Notebook

Notebook 7: Final ¶

Let's build the final micrograd.¶

Run the code, note the common error listed, and view the summary. Keep running forward, backward, and SGD to minimize the loss!¶

In [38]:

import math
import numpy as np
import matplotlib.pyplot as plt

In [39]:

from graphviz import Digraph

def trace(root):
  # builds a set of all nodes and edges in a graph
  nodes, edges = set(), set()
  def build(v):
    if v not in nodes:
      nodes.add(v)
      for child in v._prev:
        edges.add((child, v))
        build(child)
  build(root)
  return nodes, edges

def draw_dot(root):
  dot = Digraph(format='svg', graph_attr={'rankdir': 'LR'}) # LR = left to right
  
  nodes, edges = trace(root)
  for n in nodes:
    uid = str(id(n))
    # for any value in the graph, create a rectangular ('record') node for it
    dot.node(name = uid, label = "{ %s | data %.4f | grad %.4f }" % (n.label, n.data, n.grad), shape='record')
    if n._op:
      # if this value is a result of some operation, create an op node for it
      dot.node(name = uid + n._op, label = n._op)
      # and connect this node to it
      dot.edge(uid + n._op, uid)

  for n1, n2 in edges:
    # connect n1 to the op node of n2
    dot.edge(str(id(n1)), str(id(n2)) + n2._op)

  return dot

In [40]:

class Value:
    def __init__(self, data, _children=(), _op='', label=''):
        self.data = data
        self.grad = 0.0
        self._backward = lambda: None
        self._prev = set(_children)
        self._op = _op
        self.label = label

    def __repr__(self):
        return f"Value(data={self.data})"
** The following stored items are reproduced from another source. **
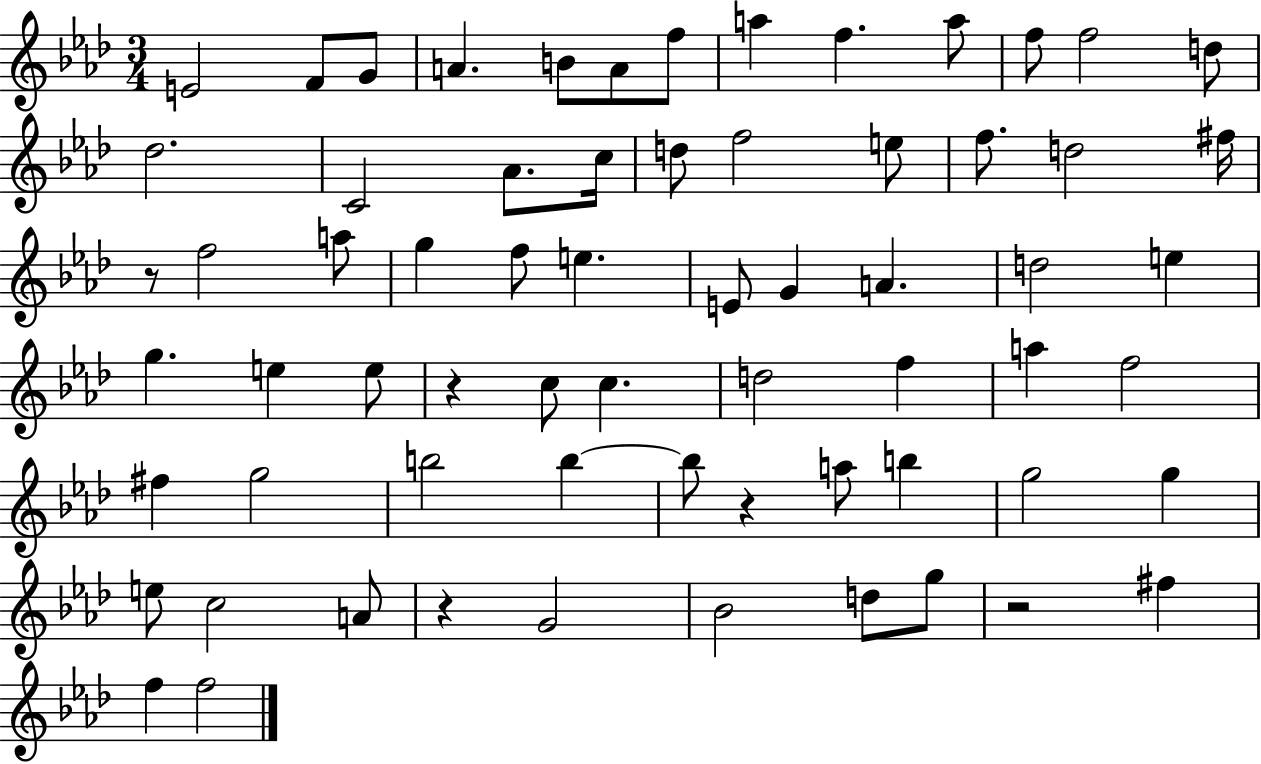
{
  \clef treble
  \numericTimeSignature
  \time 3/4
  \key aes \major
  e'2 f'8 g'8 | a'4. b'8 a'8 f''8 | a''4 f''4. a''8 | f''8 f''2 d''8 | \break des''2. | c'2 aes'8. c''16 | d''8 f''2 e''8 | f''8. d''2 fis''16 | \break r8 f''2 a''8 | g''4 f''8 e''4. | e'8 g'4 a'4. | d''2 e''4 | \break g''4. e''4 e''8 | r4 c''8 c''4. | d''2 f''4 | a''4 f''2 | \break fis''4 g''2 | b''2 b''4~~ | b''8 r4 a''8 b''4 | g''2 g''4 | \break e''8 c''2 a'8 | r4 g'2 | bes'2 d''8 g''8 | r2 fis''4 | \break f''4 f''2 | \bar "|."
}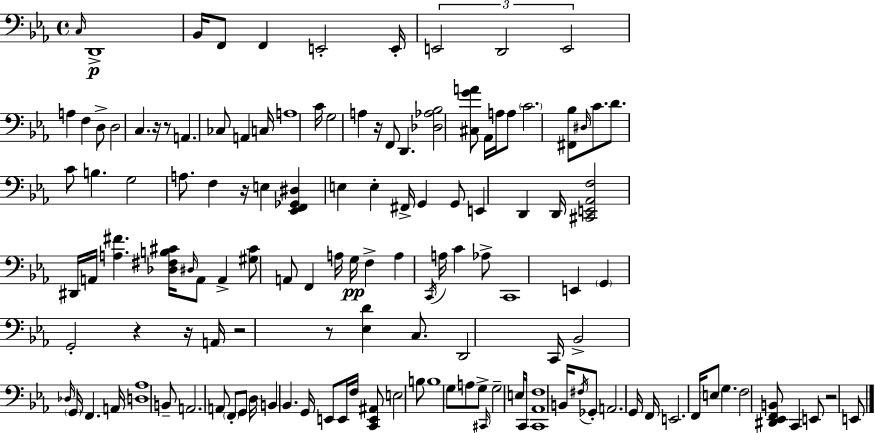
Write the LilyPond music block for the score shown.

{
  \clef bass
  \time 4/4
  \defaultTimeSignature
  \key c \minor
  \repeat volta 2 { \grace { c16 }\p d,1-> | bes,16 f,8 f,4 e,2-. | e,16-. \tuplet 3/2 { e,2 d,2 | e,2 } a4 f4 | \break d8-> d2 c4. | r16 r8 a,4. ces8 a,4 | c16 a1 | c'16 g2 a4 r16 f,8 | \break d,4. <des aes bes>2 <cis g' a'>8 | aes,16 a16 a8 \parenthesize c'2. | <fis, bes>8 \grace { dis16 } c'8. d'8. c'8 b4. | g2 a8. f4 | \break r16 e4 <ees, f, ges, dis>4 e4 e4-. | fis,16-> g,4 g,8 e,4 d,4 | d,16 <cis, e, aes, f>2 dis,16 a,16 <a fis'>4. | <des fis b cis'>16 \grace { dis16 } a,8 a,4-> <gis cis'>8 a,8 f,4 | \break a16 g16\pp f4-> a4 \acciaccatura { c,16 } a16 c'4 | aes8-> c,1 | e,4 \parenthesize g,4 g,2-. | r4 r16 a,16 r2 | \break r8 <ees d'>4 c8. d,2 | c,16 bes,2-> \grace { des16 } \parenthesize g,16 f,4. | a,16 <d aes>1 | b,8-- a,2. | \break a,8 \parenthesize f,8-. g,8 d16 b,4 bes,4. | g,16 e,8 e,16 f16 <c, e, ais,>8 e2 | b8 b1 | g8 a8 g8-> \grace { cis,16 } g2-- | \break e16 c,16 <c, aes, f>1 | b,16 \acciaccatura { fis16 } ges,8-. a,2. | g,16 f,16 e,2. | f,16 \parenthesize e8 g4. f2 | \break <dis, ees, f, b,>8 c,4 e,8 r2 | e,8 } \bar "|."
}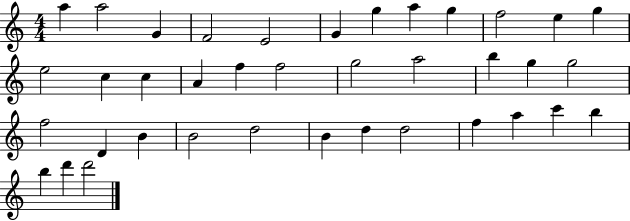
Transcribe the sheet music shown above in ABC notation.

X:1
T:Untitled
M:4/4
L:1/4
K:C
a a2 G F2 E2 G g a g f2 e g e2 c c A f f2 g2 a2 b g g2 f2 D B B2 d2 B d d2 f a c' b b d' d'2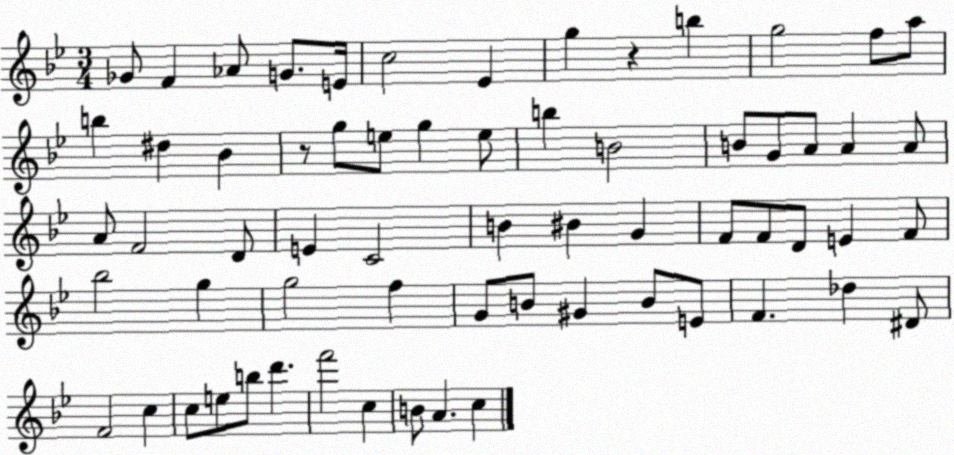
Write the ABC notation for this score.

X:1
T:Untitled
M:3/4
L:1/4
K:Bb
_G/2 F _A/2 G/2 E/4 c2 _E g z b g2 f/2 a/2 b ^d _B z/2 g/2 e/2 g e/2 b B2 B/2 G/2 A/2 A A/2 A/2 F2 D/2 E C2 B ^B G F/2 F/2 D/2 E F/2 _b2 g g2 f G/2 B/2 ^G B/2 E/2 F _d ^D/2 F2 c c/2 e/2 b/2 d' f'2 c B/2 A c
    def __add__(self, other):
        other = other if isinstance(other, Value) else Value(other)
        out = Value(self.data + other.data, (self, other), '+')

        def _backward():
            self.grad += 1.0 * out.grad
            other.grad += 1.0 * out.grad
        out._backward = _backward

        return out

    def __mul__(self, other):
        other = other if isinstance(other, Value) else Value(other)
        out = Value(self.data * other.data, (self, other), '*')

        def _backward():
            self.grad += other.data * out.grad
            other.grad += self.data * out.grad
        out._backward = _backward

        return out

    def __neg__(self):
        return self * -1

    def __sub__(self, other):
        return self + (-other)

    def __pow__(self, other):
        assert isinstance(other, (int, float)), "only supporting int/float powers for now"
        out = Value(self.data ** other, (self,), f'**{other}')

        def _backward():
            self.grad += other * self.data ** (other - 1) * out.grad
        out._backward = _backward
        return out

    def __rmul__(self, other):
        return self * other

    def __truediv__(self, other):
        return self * other ** -1

    def tanh(self):
        x = self.data
        t = (math.exp(2 * x) - 1) / (math.exp(2 * x) + 1)
        out = Value(t, (self,), 'tanh')

        def _backward():
            self.grad += (1 - t ** 2) * out.grad
        out._backward = _backward

        return out

    def exp(self):
        x = self.data
        out = Value(math.exp(x), (self,), 'exp')

        def _backward():
            self.grad += out.data * out.grad
        out._backward = _backward
        return out

    def backward(self):
        topo = []
        visited = set()
        def build_topo(v):
            if v not in visited:
                visited.add(v)
                for child in v._prev:
                    build_topo(child)
                topo.append(v)
        build_topo(self)

        self.grad = 1.0
        for node in reversed(topo):
            node._backward()

import random
class Neuron:
    def __init__(self, nin):
        self.w = [Value(random.uniform(-1, 1)) for _ in range(nin)]
        self.b = Value(random.uniform(-1, 1))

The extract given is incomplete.